Small shops are usually small business' that are opened at big risk for the proprietor. They deserve our consideration and support when we are shopping for gear. They have a duty on their end to treat us with respect back. I find good service beats saving money (5%-15% or so) every time. Give your local shop a chance first if you can.


----------



## mprus

cath8r said:


> The things with local stores is that, I feel, they work best if you can develop a 'rapport' with them. Everyone likes to piss and moan on the net when they have a bad experience, yet when things go well nobody hears a peep. Some are better than others in some or many categories.

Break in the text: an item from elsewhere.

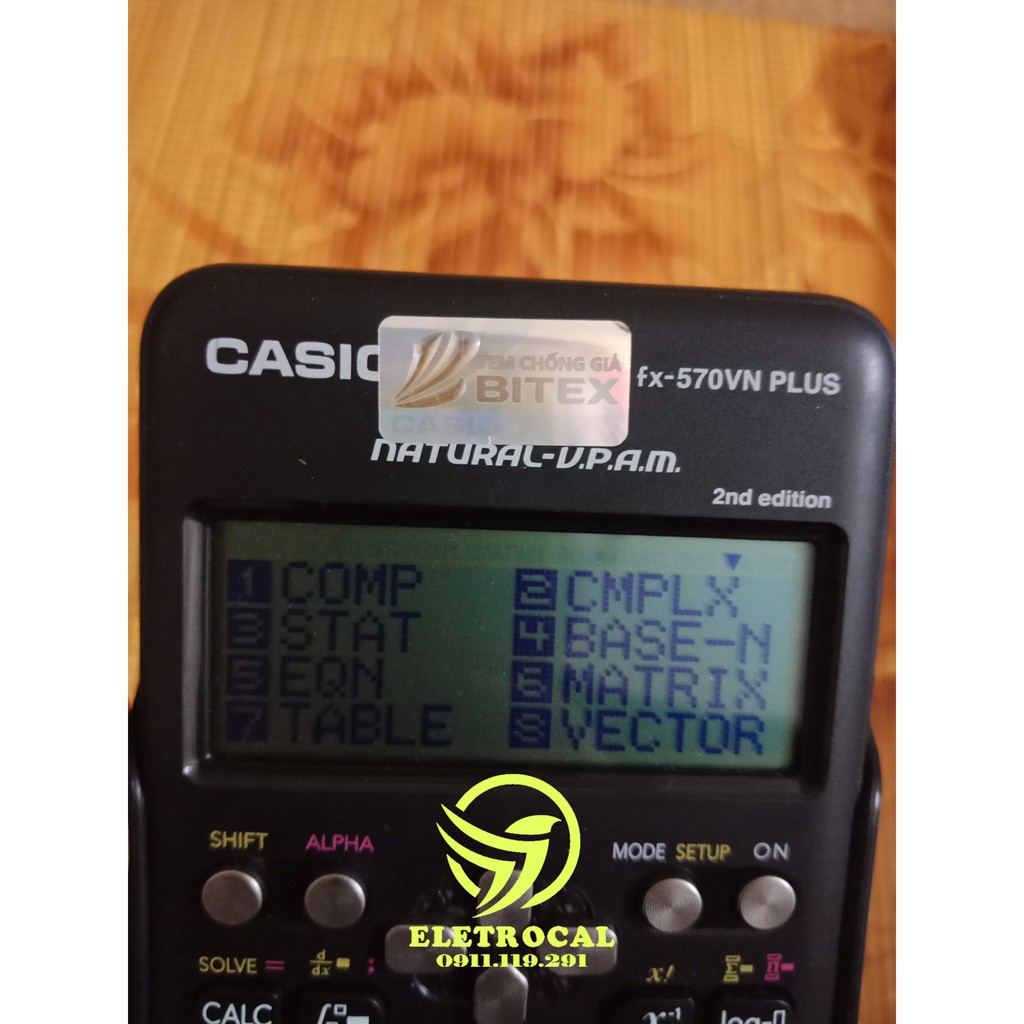 Máy tính bỏ túi Casio Fx 570VN Plus cũ| Casio Fx 570VN Plus CŨ CHÍNH HÃNG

I can't even count the times I have heard people complain there is no 'local' shop yet they spurn the 'local' shop to save $10 or $50 out of town or online yet expect a 'deal' every time they stop in the local shop. Support your local shop whenever you can. I give the same spot my business until they make me feel I have to go elsewhere. They usually get a 2nd or 3rd chance till I feel I must go elsewhere. Things that made me switch were: 1.Telling me they ordered a product when they didn't then letting it slip 2 months later that they finally ordered it. 2. Not calling me when a product I ordered finally came in. 3. Treating people I have sent there poorly.
> Small shops are usually small business' that are opened at big risk for the proprietor. They deserve our consideration and support when we are shopping for gear. They have a duty on their end to treat us with respect back. I find good service beats saving money (5%-15% or so) every time. Give your local shop a chance first if you can.


Very well said!


----------



## rdneckhillbilly

cath8r said:


> The things with local stores is that, I feel, they work best if you can develop a 'rapport' with them. Everyone likes to piss and moan on the net when they have a bad experience, yet when things go well nobody hears a peep. Some are better than others in some or many categories. I can't even count the times I have heard people complain there is no 'local' shop yet they spurn the 'local' shop to save $10 or $50 out of town or online yet expect a 'deal' every time they stop in the local shop. Support your local shop whenever you can. I give the same spot my business until they make me feel I have to go elsewhere. They usually get a 2nd or 3rd chance till I feel I must go elsewhere. Things that made me switch were: 1.Telling me they ordered a product when they didn't then letting it slip 2 months later that they finally ordered it. 2. Not calling me when a product I ordered finally came in. 3. Treating people I have sent there poorly.
> Small shops are usually small business' that are opened at big risk for the proprietor. They deserve our consideration and support when we are shopping for gear. They have a duty on their end to treat us with respect back. I find good service beats saving money (5%-15% or so) every time. Give your local shop a chance first if you can.


:set1_signs009::thumbs_up


----------



## Michael Myers

I Supprt myself first and foremost,I am not loyal to some guy taking my money,I am not cheap and dont have a problem paying a bowtech for there service,As for equipment,No thanks,I buy online and save my Money,If they gop out of Business,There problem,Not mine...Grizz


----------



## shakyshot

GrizzlyMan1980 said:


> I Supprt myself first and foremost,I am not loyal to some guy taking my money,I am not cheap and dont have a problem paying a bowtech for there service,As for equipment,No thanks,I buy online and save my Money,If they gop out of Business,There problem,Not mine...Grizz


I can tell you dont have a CLUE what its like to run a retail store!
People with attitudes like yours are why Canada is in the toilet!
Thanks for nothing!

Shawn


----------



## Michael Myers

shakyshot said:


> I can tell you dont have a CLUE what its like to run a retail store!
> People with attitudes like yours are why Canada is in the toilet!
> Thanks for nothing!
> 
> Shawn


I Dont owe you or any other Bow shop anything,I Work hard for my money and i spend it where and How i want,Get over yourself,Most bow shops around here gauge people on equipment,So if you dont like that..Too bad,My money,My choice...Grizz


----------



## Stash

Both of you, stop it. Right now.


----------



## Ravenhunter

Gotta love these threads. How about we start one about crossbows vs compound vs recurve vs longbows. I sure there will be no arguements on that thread.


----------



## wheelie

Ravenhunter said:


> Gotta love these threads. How about we start one about crossbows vs compound vs recurve vs longbows. I sure there will be no arguements on that thread.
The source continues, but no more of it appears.